Highly Interested just got a 2003 triton TR19.  Now ready to use it in a club.  Do we have a proposed  lake schedule and a good plan to get the club off its feet.


----------



## UXO

Where on Houston Lake Rd is this?  There's a "Jus One More" between Russell and Lakeview Rd, didn't know there was one on Houston Lake also.


----------



## UXO

Hoping we can get some clarification on this before 3Apr.  The "Jus One More" on Houston Lake Rd is a smoke shop according to the sign and all the advertisements hanging in the windows.  Seems like an odd place for a meeting...


----------



## TeeeJaay

good stuff.. didnt even see this.. i may come out and check out the club if the details about the meeting place gets ironed out..


----------



## UXO

I sent a text to both numbers, will let you guys know if/when I hear back.


----------



## UXO

Just heard back from both Chris and Dan.  The flyer is incorrect, this will be held at Jus One More on Russell Parkway out towards I-75.  The correct address is: 

Jus One More
4993 Russell Parkway
Warner Robins, GA


----------



## TeeeJaay

thanks bud.. i'm gonna try to make it out along with another one of my friends..


----------



## Rattlecrap

Hey Velieca, great to hear you guys are starting a new club this area really needs more organized clubs.  Let me know if I can help you with anything.  We are fishing Blackshear on the 21st, would be fun to maybe set up a cross town rival tournament sometime.


----------



## cuppettma

I'm definitely interested but I'll actually be working out in Alabama that week so can't make the meeting.


----------



## velieca

Sorry all, I havebbeenbbusy with work and away at Lake Seminole for a Tournament. 
@ UXO, That is correct, the meeting is Not at a Smoke shop but IS at the Bar "Jus one More". Sorry for the confusion, had no idea about the smoke shop.
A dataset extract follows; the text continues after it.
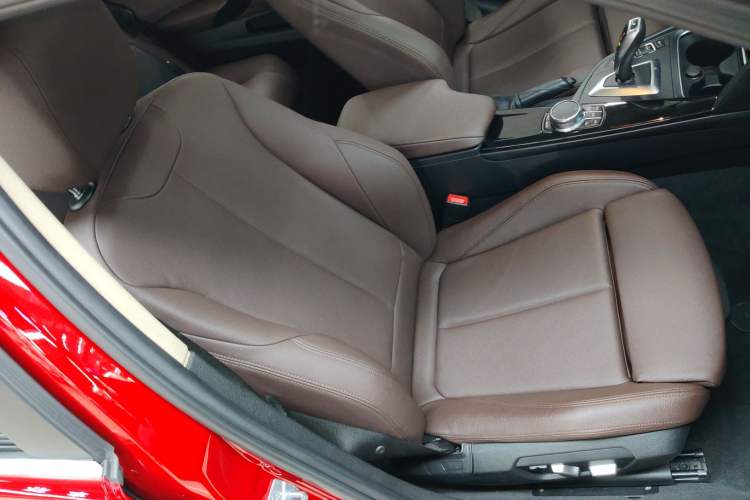 TDK.VehicleDetails.img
Lol
@ Hummel11, yes we have a solid set of by laws in hand and a tentative 6 month lake schedule set. Everything is up for majority vote and we will hit the ground running!
@ TeeeJaay, come on out! We would love to have you and anybody else who may be interested.
@ Rattlecrap, you can't have too many bass clubs! Lol. A crosstown rivalry could be a blast. Do you all participate in any kind of Tournament of Champions or Top 6 or Top 8???
@ cuppettma, no sweat man, text me sometime and we can set up a meet and I can get you a copy of the by laws to chew on for the review meeting. 
@ ALL, the plan is to hand out the current bylaws at the first meeting and all can review and we will finalize at the May meeting. Looking forward to meeting everyone and getting this club on the water! We will have the website up and running very soon.
                                                                       Tight Lines!!!


----------



## Rattlecrap

We currently do have a Classic (I won it last year at West Point ) This year we will be headed to Clarks Hill in June for it.  We have kind of been mulling over a Winter and Summer Classic, summer up in the North georgia area and winter down in south GA.  We fish from Sept to June, July and August we take a break.  Would love to see yall's webpage when you get it up.  If you want to take a peak at ours it's www.goodolboysfishing.webs.com good luck and let me know if I can help with anything.


----------



## velieca

I sure will. Thank you. It make take us a season to get into full swing and it all depends on what the majority decides. I will definately take a look at what you all have, always looking for ideas and im new at the whole website thing. lol.


----------



## Rattlecrap

Hey Velieca, I noticed on your profile it has your location as Panama City, I grew up in P-Cola nice to see another person on here from the panhandle.


----------



## TeeeJaay

How did the meeting go? Will club founders be willing to send out any info that was passed around during the first meeting? also will future meetings be held on Wednesdays? Reason I ask is that Wednesday is Bible study at church so it will be very rare that I would be able to attend the meetings if they are held on Wednesday nights at 7..


----------



## UXO

The meeting went well, had a pretty good turnout.  Meetings are on the second Wednesday of the month at 7pm.


----------



## TeeeJaay

UXO said:


> The meeting went well, had a pretty good turnout.  Meetings are on the second Wednesday of the month at 7pm.



right on.. always at JOM?


----------



## UXO

Yes sir


----------



## MossyCreek

How is the turnout for this club so far?


----------



## SkeeterZX225

Think we had 9 or 10 the first night...


----------



## TeeeJaay

any info from the first meeting that anyone could pass along?


----------



## UXO

Meetings are second Wednesday of the month, tourneys are second Saturday.  90% payback, $20 entry with optional $5 big fish.  Sinclair is next on the 11th of May, meeting is on the 8th.  Vote determines tourney locations during the prior month's meeting (we'll vote for the June tourney at May's meeting).


----------



## TeeeJaay

The 2nd meeting completely slipped my mind.. How good was the turnout for the 2nd meeting?


----------



## UXO

It was down a little from the first one, ran into some schedule conflicts, which is bound to happen.  Next meeting is June 5th, fishing Oconee June 8th.


----------



## MossyCreek

how much is it? tournaments etc?


----------



## UXO

See post #29.  Next meeting is June 5th, fishing Oconee June 8th.  Dues are $2/month.


----------



## cuppettma

I'll try and make it out in July, Be out on the honeymoon for June.


----------



## UXO

cuppettma said:


> I'll try and make it out in July, Be out on the honeymoon for June.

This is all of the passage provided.